Il caso George Floyd negli Stati Uniti, ma anche in tutto il globo, sta avendo una risonanza potentissima. A dire il vero, quella che merita. Oramai tutti siamo venuti a conoscenza della tragica morte dell’afroamericano sul cui collo gravava il ginocchio sadico dell’officiale di polizia che ha protratto la sua esecuzione anche dopo aver sentito i rantoli accorati di George che implorava “Non respiro!”

Questo, dopo anche l’omicidio di Ahmaud Arbery, è l’ennesimo episodio violento perpetrato dalla comunità bianca americana. E in particolari dagli agenti di polizia nei confronti della comunità afro-americana. Il problema razziale sussiste nel nuovo Continente da quando gli Stati Uniti stessi sono nati.

Ci sono state tante tappe nella storia americana (vedi per esempio il tredicesimo emendamento di Abraham Lincoln) che hanno provato ad invertire il senso di marcia e ad andare nella direzione di una uguaglianza tra etnie diverse. Ma questa parificazione non si è mai verificata.

Nel secolo scorso questa violenza contro i neri d’America è proseguita imperterrita. Il duplice mandato alla Casa Bianca dell’ex presidente Barack Obama sembrava fosse stato un grande passo verso quella direzione. Ma ancora, come è risultato evidente, c’è ancora tanta strada da fare. Tuttavia, tanto sangue continua ancora a scorrere.

Per la morte di George Floyd sono insorte tante voci celebri tra cui quella accorata di Stephen Jackson, ex giocatore NBA e grande amico di Floyd. Ma l’intera comunità afro-americana è insorta in questi giorni. Questo evento è stato considerato per la sua efferatezza un’ulteriore affronto da non poter essere tollerato.

In questi giorni negli States stanno dilagando le manifestazioni per ricordare Floyd e per chiedere giustizia. Non mancano nemmeno le proteste violente. Minneapolis, infatti, è stata messa negli ultimi giorni a ferro e fuoco. Un’orda di manifestanti continua ad assalire edifici e a bruciare macchine. Va detto: non mancano tra i manifestanti coloro che approfittano della situazioni per rubare e effettuare atti vandalici.
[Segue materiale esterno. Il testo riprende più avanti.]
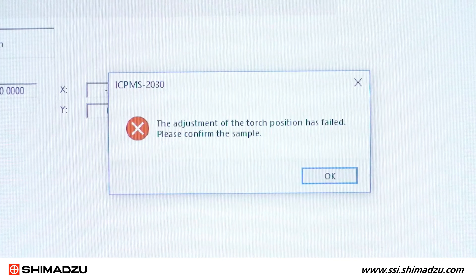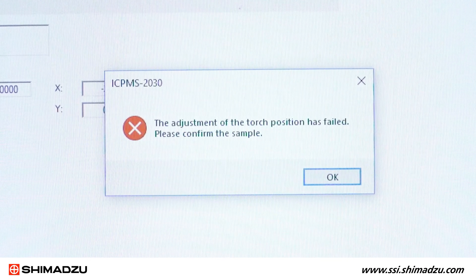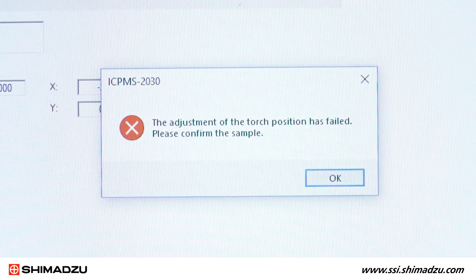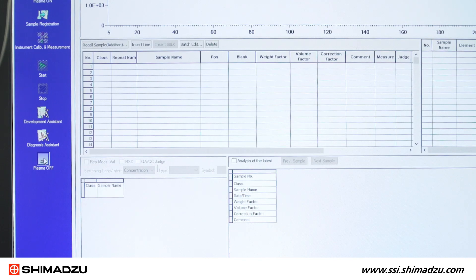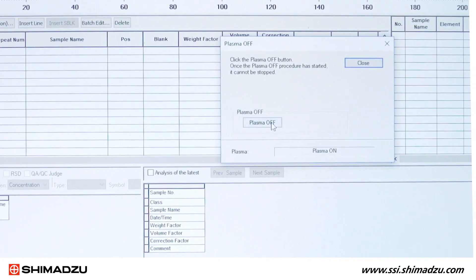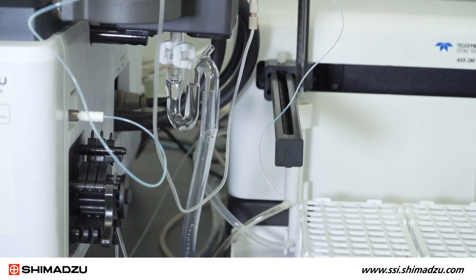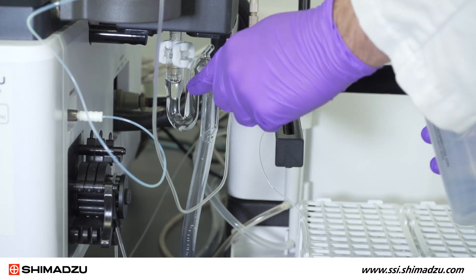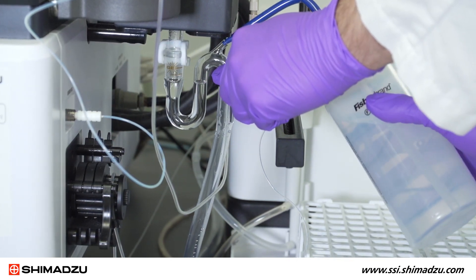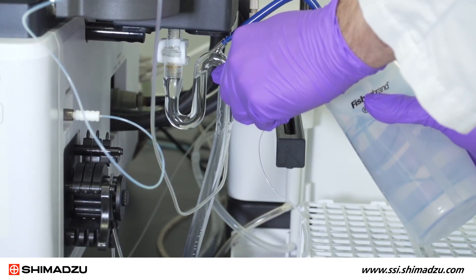You may notice this issue when you run a tuning solution for instrument calibration. To begin your troubleshooting, first check the drain trap to make sure it is full. If it is not, you should fill it with deionized water.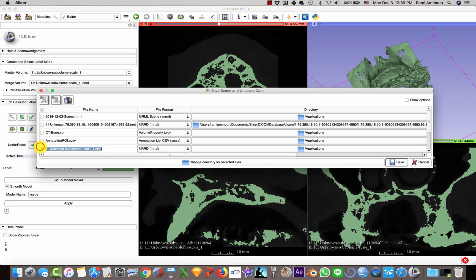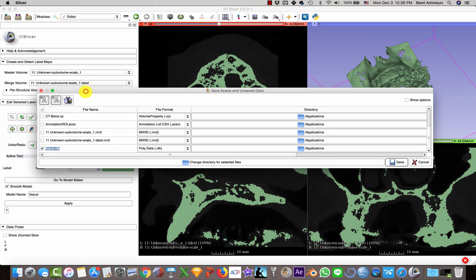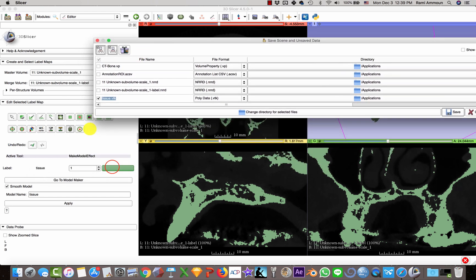It's named tissue here because of the preset. I should have changed it, however it's not a big deal. I just name this as bone model, then I select STL format.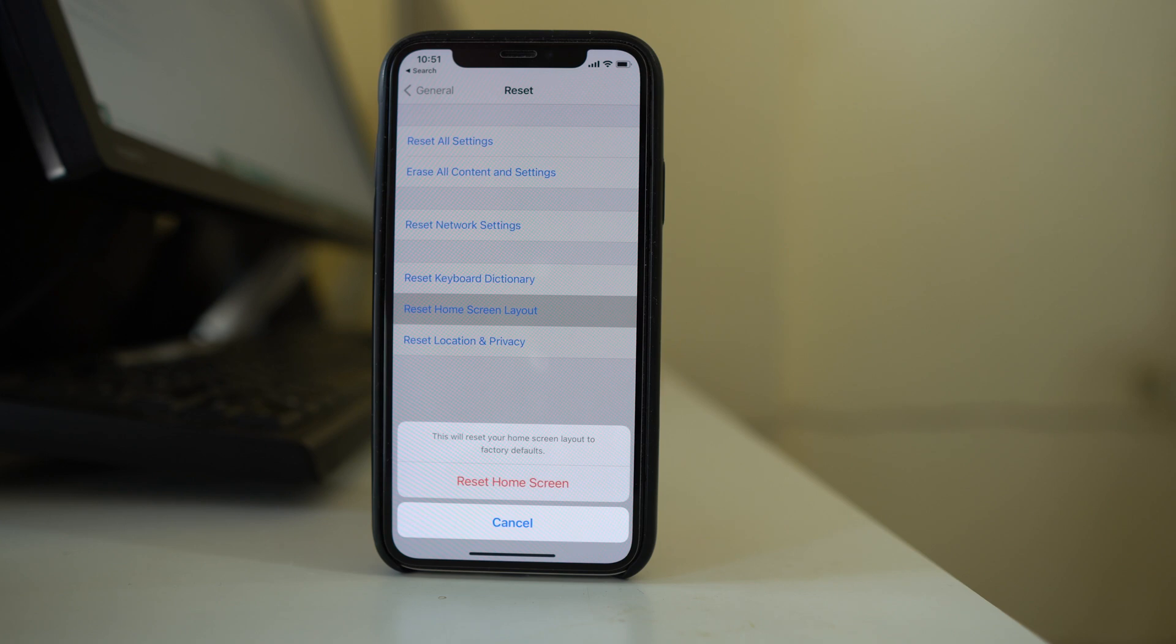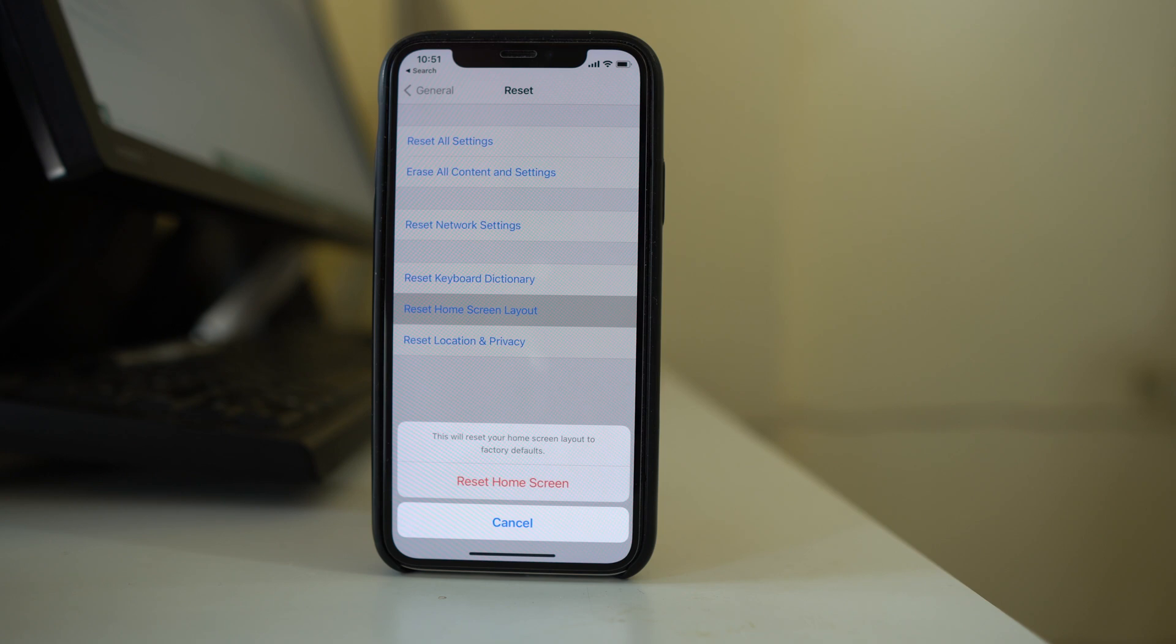If you have arranged the icons in a certain way, then all of those will be reset back to the factory settings and then you have to rearrange it again.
Jabbar continua: “Provate a mettervi nei panni di uno di noi per quello che è successo a George Floyd”

Il presidente Donald Trump non ha perso tempo per definirli “delinquenti” e ha già iniziato a minacciare l’intervento dell’esercito. C’è chi si scandalizza addirittura per il fatto che queste manifestazioni, anche quelle pacifiche e nel rispetto delle regole, avvengano in barba alle disposizioni straordinarie richieste dal virus.

Ha voluto chiarezza anche su questo punto Kareem Abdul-Jabbar sulle colonne del Los Angeles Times. Jabbar, ex campione dei Los Angeles Lakers, è ora uno scrittore di successo e ha voluto mettere in guardia i lettori del Times da un virus più potente e pericoloso di quello che circola ora in tutto il mondo, ossia il COVID19.

Parafrasando le parole di Jabbar: perché coloro che stanno manifestando dovrebbero preoccuparsi del coronavirus quando incombe su di loro la minaccia di un virus molto più pericoloso che potrebbe colpire in futuro anche i loro figli e nipoti?

Sì, perché il razzismo e in particolare l’odio bianco nei confronti degli afro-americani potrebbe essere una minaccia ben peggiore rispetto al pericolo messo in campo da questa pandemia.

Questo perché è figlio di una mentalità contorta e prevaricatrice che calpesta i diritti di una intera comunità. Questo evento per un bianco può essere qualcosa di sconvolgente e inaccettabile, ma dopo qualche minuto la rabbia e lo sconcerto passano e si torna tranquillamente alla serie tv che si stava vedendo su un comodo divano.

Mentre quell’episodio per una persona nera è molto più sconvolgente. Significa essere in pericolo. Significa non poter girare per le città serenamente. Ed essere sempre in costante apprensione per i propri figli e per la propria famiglia. Anche questo è un’altra considerazione messa in evidenza da Jabbar che in coro, insieme a tantissime altre persone, chiede giustizia.

Chissà se almeno questo episodio potrà riscuotere la coscienza di un popolo, come quello americano, da sempre profondamente diviso per quanto riguarda la questione razziale.